Despite a well-ordered crystal structure and strong magnetic interactions between the Dy or Ho ions, no long-range magnetic order has been detected in the pyrochlore titanates Ho$_{\mathrm{2}}$Ti$_{\mathrm{2}}$O$_{\mathrm{7}}$ and Dy$_{\mathrm{2}}$Ti$_{\mathrm{2}}$O$_{\mathrm{7}}$ [1]. The low temperature state in these materials is governed by spin-ice rules. These constrain the Ising like spins in the materials, yet does not result in a global broken symmetry state. To explore the actual magnetic phases, we simultaneously measure the time- and frequency-dependent magnetization dynamics of Dy$_{\mathrm{2}}$Ti$_{\mathrm{2}}$O$_{\mathrm{7}}$ and Ho$_{\mathrm{2}}$Ti$_{\mathrm{2}}$O$_{\mathrm{7}}$ using toroidal, boundary-free magnetization transport techniques.
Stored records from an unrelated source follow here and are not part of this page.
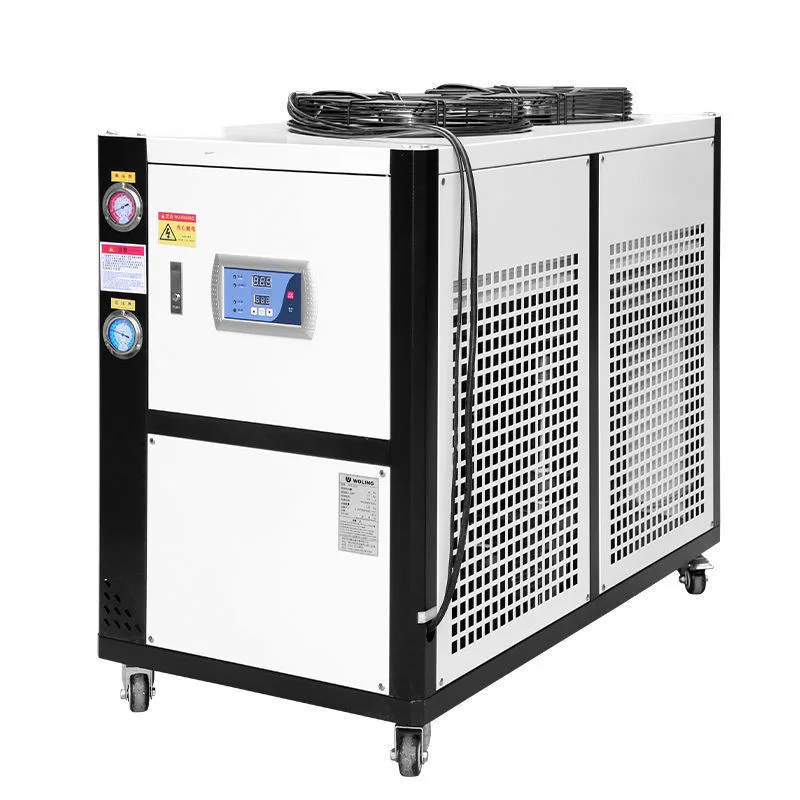 

Chiller 5P Air-Cooled Chiller Water Cooler Injection Molding Blister Blow Bottle Electroplating Mold Cooling Machine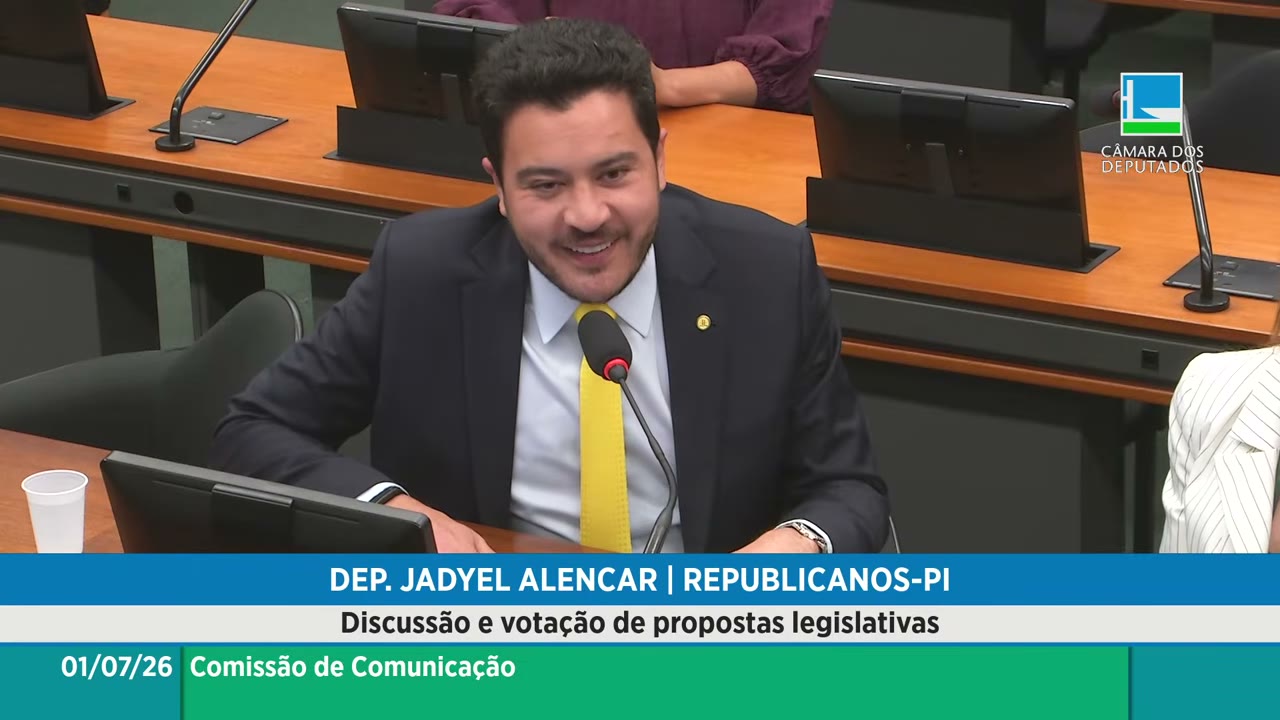 Vídeo do evento em 5:58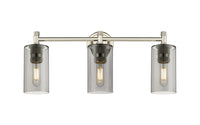 Downtown Urban Bath Vanity Light Cast Brass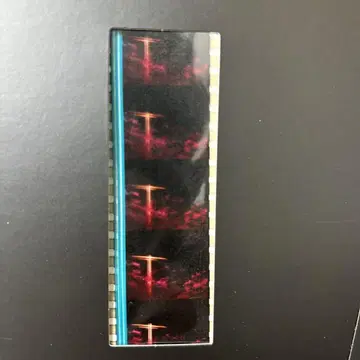에반게리온 신극장판: 파 DVD 특전 시계 부품 필름 사도 섬멸 2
We demonstrate a distinctive behavior of the magnetic susceptibility of both compounds, that is indistinguishable in form from the permittivity of supercooled dipolar liquids. Moreover, we show that the microscopic magnetic relaxation times for both materials increase along a super-Arrhenius trajectory also characteristic of supercooled glass-forming liquids. Both materials therefore exhibit characteristics of a supercooled spin liquid. Strongly-correlated dynamics of loops of spins is suggested as a possible mechanism which could account for these findings. Potential connections to many-body spin localization will also be discussed. [1] J. S. Gardner, et al., Rev. Mod. Phys., 82, 53 (2010).